The package comes with the following models that you can call with predictPair.

logRegModel: A logistic regression model, a wrapper around R’s glm. This estimates the probability that one school’s drop-out rate is greater than the other and chooses the school with probability greater than 50%.
minModel: It searches cues in a random order, making a decision based on the first cue that discriminates (has differing values on the two items / schools).
regModel: A regression model, a wrapper around R’s lm to make it easier to compare with heuristics. It fits a regression based on the column indices. For predictPair, it predicts the criterion for each item in the pair– e.g. estimates the drop-out rate of each school– and then predicts the item with the higher estimate– higher drop-out rate. (A variant that fits with an intercept, regInterceptModel, is provided in order to confirm prior research results, but it is not recommended for future research.)
singleCueModel: In the fitting stage, this selects the cue with the higest cue validity. It only uses that cue, and if the cue does not discriminate, it guesses.
ttbModel: An implementation of Take The Best. In the fitting stage, it sorts cues in order of cue validity. When predicting between two items, it finds the highest-validity that discriminates (has differing values on the two items) and bases its prediction on that cue, ignoring other cues. The cue used can vary based on the cue values of the two items.
ttbGreedyModel: Take the Best using conditional cue validity (rather than cue validity).
unitWeightModel: A unit-weighted linear model that uses weights of +1 or -1 only. An exception is that a cue with no variance– every value is the same– gets a weight of 0. Inspired by psychologist Robyn Dawes– see citation below.
validityWeightModel: A cue-validity-weighted linear model. (In some publications, this was called franklinModel after Ben Franklin.)

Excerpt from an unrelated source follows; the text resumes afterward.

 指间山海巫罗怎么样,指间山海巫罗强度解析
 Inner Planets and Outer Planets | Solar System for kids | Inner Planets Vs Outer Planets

You can add your own models by also implementing a function related to predictPair, as described in a vignette.

Data

The package comes with two data sets used by many heuristic researchers.

city_population: The 83 German cities with more than 100,000 inhabitants in 1993. All cues are binary. (There is another version called city_population_original that has some transciption errors from the almanac source but exactly matches the data set in Simple Heuristics That Make Us Smart.)
highschool_dropout: Drop-out rates for all 63 Chicago public high schools plus associated variables like average students per teacher and percent low income students. The data is from 1995. All cues are real-valued but some have N/A values. (This data set does not exactly match that used in Simple Heuristics That Make Us Smart.)

Citations

Take The Best was first described in: Gigerenzer, G. & Goldstein, D. G. (1996). “Reasoning the fast and frugal way: Models of bounded rationality”. Psychological Review, 103, 650-669.

All of these heuristics were run on many data sets and analyzed in: Gigerenzer, G., Todd, P. M., & the ABC Group (1999). Simple heuristics that make us smart. New York: Oxford University Press.

The research was also inspired by: Dawes, Robyn M. (1979). “The robust beauty of improper linear models in decision making”. American Psychologist, volume 34, pages 571-582. archived pdf

Acknowledgements

Thanks for coding advice and beta testing go to Marcus Buckmann, Daniel G. Goldstein, and Özgür Simsek.